I am using a laptop running UEFI, and I wanted to use the following partitioning scheme:

sda1: EFI boot, mounted on /boot/efi on all systems
sda2: swap
sda3: BTRFS volume

sda3 would then be "partitioned" in the following subvolumes:
/data: subvolume for data
/snapshots: subvolume for snapshots
/os/DISTID: subvolume for distro DIST (one for distro)

Every distro would install its GRUB2, and I would load the GRUB I need in UEFI, so that every distro does not need to be aware of the others.

I was able to install Arch and Funtoo, but I wasn't able to set OpenSUSE to install to the /os/suse subvolume.
I tried the following:

  • set the latter as default subvolume (as stated also here) and told OpenSUSE not to format the partition; the installation seemed to be successful, but it wasn't able to boot
  • mounted the subvolume to /mnt in the installation live system and told OpenSUSE to ignore the fact; the installation failed when it tried to remount the partition for the actual installation
  • installed OpenSUSE in a virtual machine resembling the laptop environment, then copied the whole system to the subvolume and made the needed adjustments to grub and its settings (the ones I had to do with Arch or Funtoo); grub was loaded, but the booted system went in kernel panic

The adjustments to GRUB I wrote about imply the following:

  • chroot in the subvolume (using arch-chroot or the procedure for gentoo/funtoo installation)
  • install grub in /boot/efi, the EFI system partition (but keep GRUB's data in /boot)
  • run grub-mkconfig -o /boot/grug/grub.cfg to update the bootloader

Has anyone any idea? Did I miss something?
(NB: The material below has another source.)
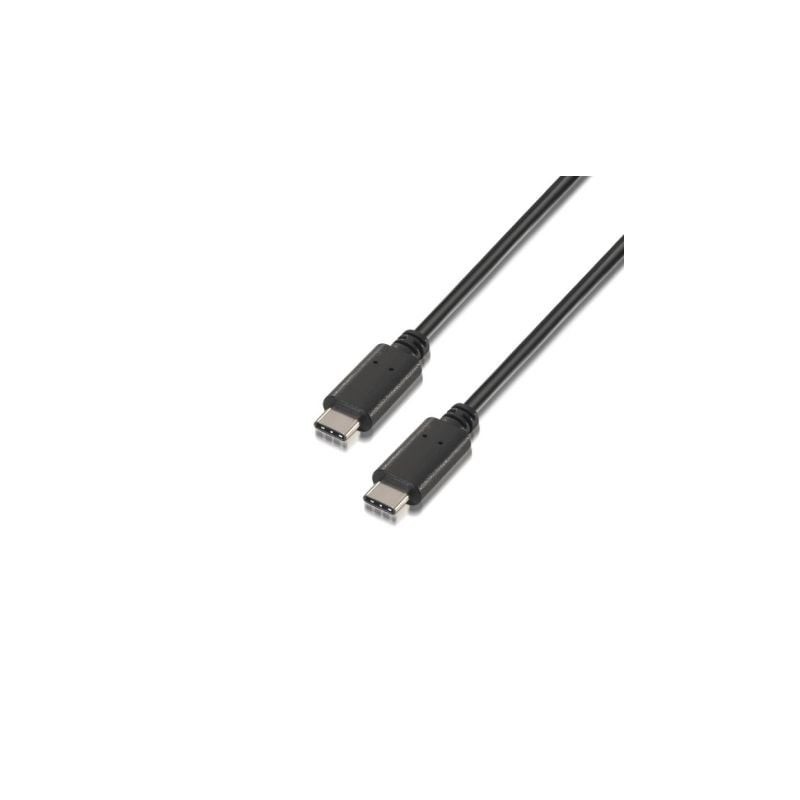Cable USB 2.0 Tipo-C Aisens A107-0056/ USB Tipo-C Macho - USB Tipo-C Macho/ 1m/ Negro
From my experience, the handling of custom (e.g. other than the snapper / @-notation) subvolumes by the OpenSUSE Leap 42.2 / 42.3 installer does not work. Even worse, some tools, such as the bootloader installation, have problems with it. For instance, in my case the grub core was pointing to /boot/grub..., but it should be just /grub.. when updating from chroot. You can check the current settings with this tool: https://github.com/arvidjaar/bootinfoscript

Anyways, here is a way I use to setup after installation or for bootable backups.

Avoid creating the dozen of subvolumes by the installer, just install e.g. in the root of the partition / default subvolume (if that worked).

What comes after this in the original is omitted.